Stored dataset items |
--------------------------------

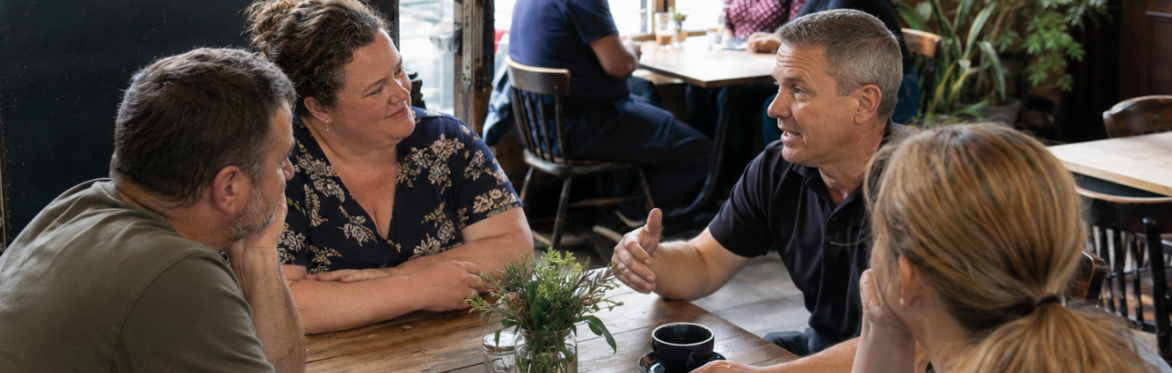 Men and women sat talking and listening in casual environment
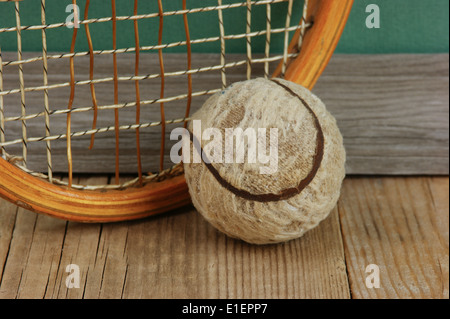 old tennis ball and racket on a wooden floor Stock Photo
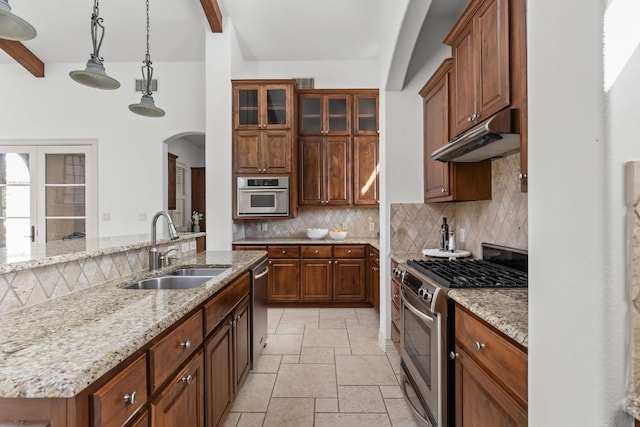 kitchen with stone tile floors, a sink, decorative backsplash, under cabinet range hood, and appliances with stainless steel finishes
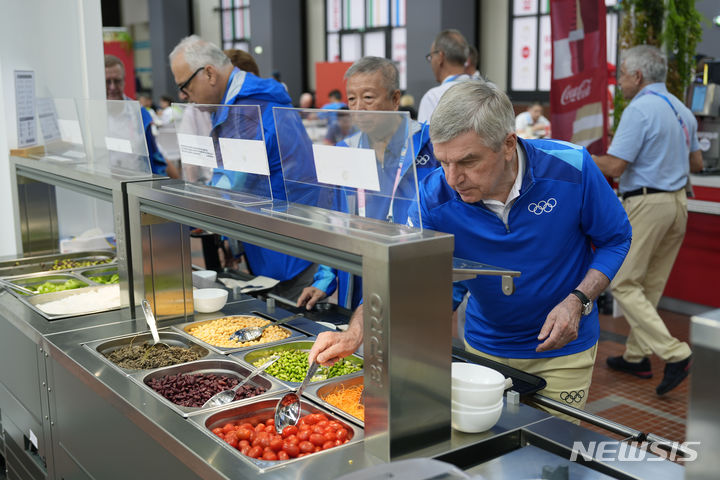 [파리=AP/뉴시스] 토마스 바흐 국제올림픽위원회(IOC) 회장이 지난달 22일 '2024 파리 올림픽' 선수촌 내 설치된 식당에서 음식을 담고 있다. 2024.07.22.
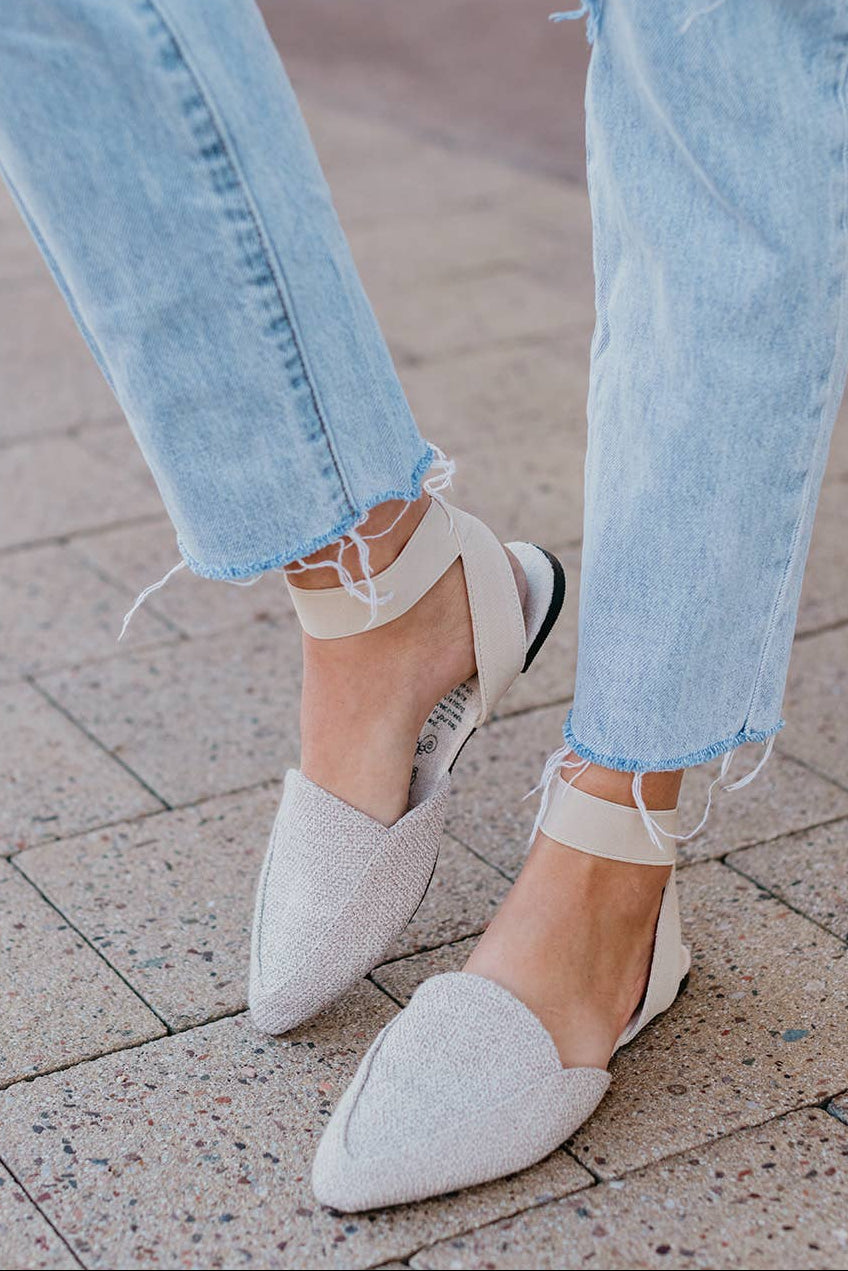 Close-up of light blue jeans and white pointed-toe shoes on a pavement.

--------------------------------

What the task requires |
Only the lines from the line containing "[파리=AP/뉴시스] 토마스 바흐" through the last line of the entries above should be reproduced, word for word and without pictures.

Written solution |
 [파리=AP/뉴시스] 토마스 바흐 국제올림픽위원회(IOC) 회장이 지난달 22일 '2024 파리 올림픽' 선수촌 내 설치된 식당에서 음식을 담고 있다. 2024.07.22.
 Close-up of light blue jeans and white pointed-toe shoes on a pavement.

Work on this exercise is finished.